Remember how I mentioned fashioning a little cardi out of the leftovers from the ponytail top?  Well, here ’tis!
If I say so myself this was a minor miracle in cutting out; why? Well I originally had bought this Kelly green jersey to make a St Patrick’s Day thingy which was actually cut out but not made up.  It struck me early on in the piece that the finished garment would be tres hideous and could never ever been worn without inviting well-deserved mockery, so it was abandoned before any actual sewing was done.   However, the perfectly-good-for-something-if-only-I could-work-out-what-it-was fabric was too good; a great colour (as long as it was separated from the St Patrick’s Day concept)  and there was too much of it to just ruthlessly toss out.  Luckily the pieces I had cut out were big enough to get the Pattern Magic ponytail top, and there were still some reasonably good sized pieces and scraps left after that, so I played with them.  This is the result of my “play”; at my kind of “Play-Station”, if you will, hehe.  The back of the cardigan is quite short and the two fronts are quite skinny and so give a rather sex-ay decolletage, but y’know what? I like that.  I feel like the unusual shape is happily avant-garde and cool.

Something that may not be immediately apparent on first sight, but which amused me while I was making the cardi is this: the whole cardigan is made of just one fabric, and thread, and that is all.  I used pieces of the same fabric for all the trims, and the buttons and closures are all made of the self-fabric also.  Interesting little factoid, yes?
The closure is with long strips of self-fabric that were laid horizontally and topstitched down on the front of the cardi… as they go off the front edge these are faced with the same fabric (for stability and to lessen stretching through use) to make ribbon ties at the front.  The front opening edges of the cardi were decoratively finished with two separate long strips; the underneath one is a wider straight cut strip, and then with a pinked narrower strip sewn on top.  I’m really happy with the look of this, it is an interesting edge but still a unobtrusive as it is of the same fabric.  The pinked edges remind me of banksia leaves…

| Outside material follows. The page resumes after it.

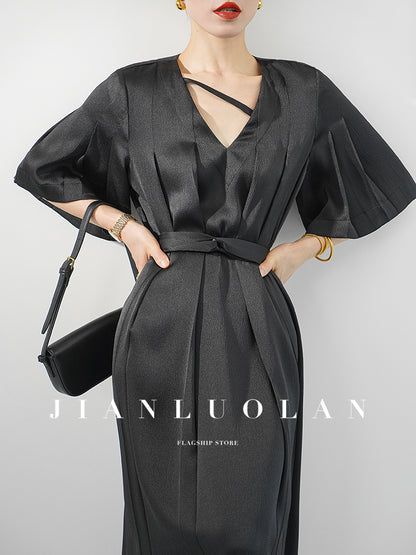 Huanzi high-end satin black V-neck slim pleated dress - Nigoi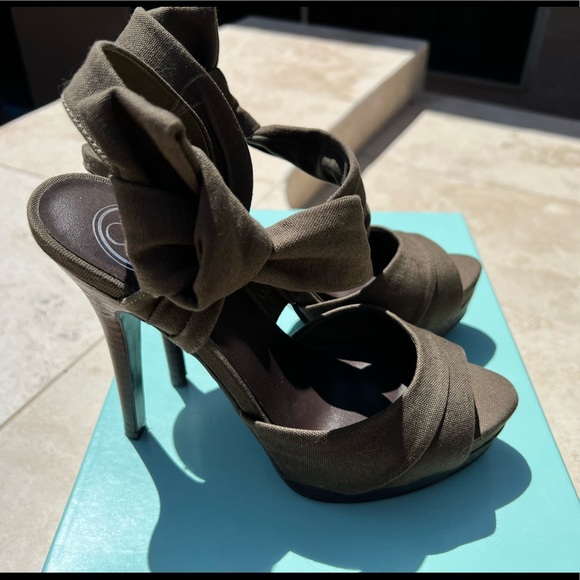 Jessica Simpson Army green heels Sz 7 - Picture 1 of 7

The front lower edges are left raw, and the back lower edge of the cardi was finished with a strip like this:  (I did this because the lower back edge is subject to stretching, and so this strip is cut on the grain to stabilise and strengthen this area)

The sleeve tabs were made in the same way as the front opening edge trim and faced with self-fabric facing, and I made knot buttons of the same fabric to decorate…

While making the trims and buttons, I also amused myself by comparing what I was doing to Chanel’s jackets, which famously are often edged with trims made of the self fabric in various incarnations.  So my own secret joke is to think of this as a Chanel-inspired cardi.  Of course there is no quilted lining and the hemline is not weighted and therefore no real resemblance at all to a Chanel jacket…! but well, I did say “inspired” and one has to use one’s imagination here!   Another little fact about Chanel’s earlier work is this: at a time when such fabric was considered only suitable for men’s underwear, her clothing was made of knit jersey … another tenuous little link, no? 
But all the oddly shaped pieces and non-classic silhouette are very un Chanel!

Details:
Cardigan; my own design, Kelly-green cotton jersey
Dress; Simplicity 3745 modified, pink lace and beige border lace, details here (this is my other pink lace dress and not the one from yesterday’s post; embarrassing to admit I have two pink lace dresses but this is my more casual everyday one so that makes it alright, yes?)
Petticoat; Burda 8071, pink silk satin, details here
Shoes; Bronx, from Zomp shoes

(it’s hard to know where to put your arms when you’re trying to show a side view, isn’t it?)
LATER EDIT: I got bored with the colour and dyed it brown… voila!